Treatment of `Final` attributes in dataclass-likes

The very first parts of the docs for data classes

ref

from dataclasses import dataclass

@dataclass
class InventoryItem:
    """Class for keeping track of an item in inventory."""
    name: str
    unit_price: float
    quantity_on_hand: int = 0

    def total_cost(self) -> float:
        return self.unit_price * self.quantity_on_hand

will add, among other things, a __init__() that looks like:

def __init__(self, name: str, unit_price: float, quantity_on_hand: int = 0):
    self.name = name
    self.unit_price = unit_price
    self.quantity_on_hand = quantity_on_hand
The original PEP abstract has

A class decorator is provided which inspects a class definition for variables with type annotations as defined in PEP 526, “Syntax for Variable Annotations”. In this document, such variables are called fields. Using these fields, the decorator adds generated method definitions to the class to support instance initialization

emphasis mine

and the living spec:

Examples of each approach are shown in the following sections. Each example creates a CustomerModel class with dataclass-like semantics. The implementation of the decorated objects is omitted for brevity, but we assume that they modify classes in the following ways:

  • They synthesize an __init__ method using data fields declared within the class and its parent classes.

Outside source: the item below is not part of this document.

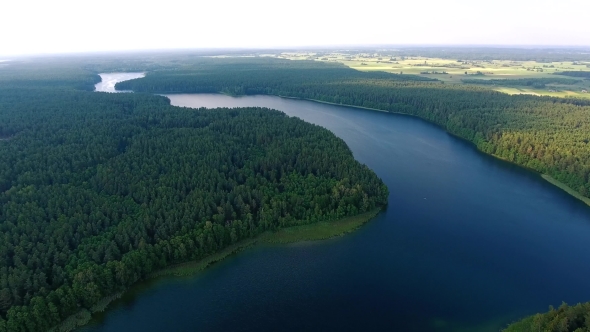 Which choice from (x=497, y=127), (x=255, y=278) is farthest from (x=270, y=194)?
(x=497, y=127)

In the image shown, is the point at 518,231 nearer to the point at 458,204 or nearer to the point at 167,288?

Each detail the intent and that these generate instance instantiation. From that, Final should have the meaning it has in an instance variable, because dataclasses are the special part, and Final needs to be looked at in the proper context, in this case, we need to look at final after the special behavior that dataclass_transform has.

1 Like

Out of curiosity, I checked the runtime behaviour (under Python 3.11) of other dataclass-like constructs widely used in the Python ecosystem (typing.NamedTuple, attrs, and pydantic). The inclusion of attrs here might be questionable, given that the standard library’s dataclasses originated as a slimmed-down implementation of attrs. attrs and pydantic both employ typing.dataclass_transform.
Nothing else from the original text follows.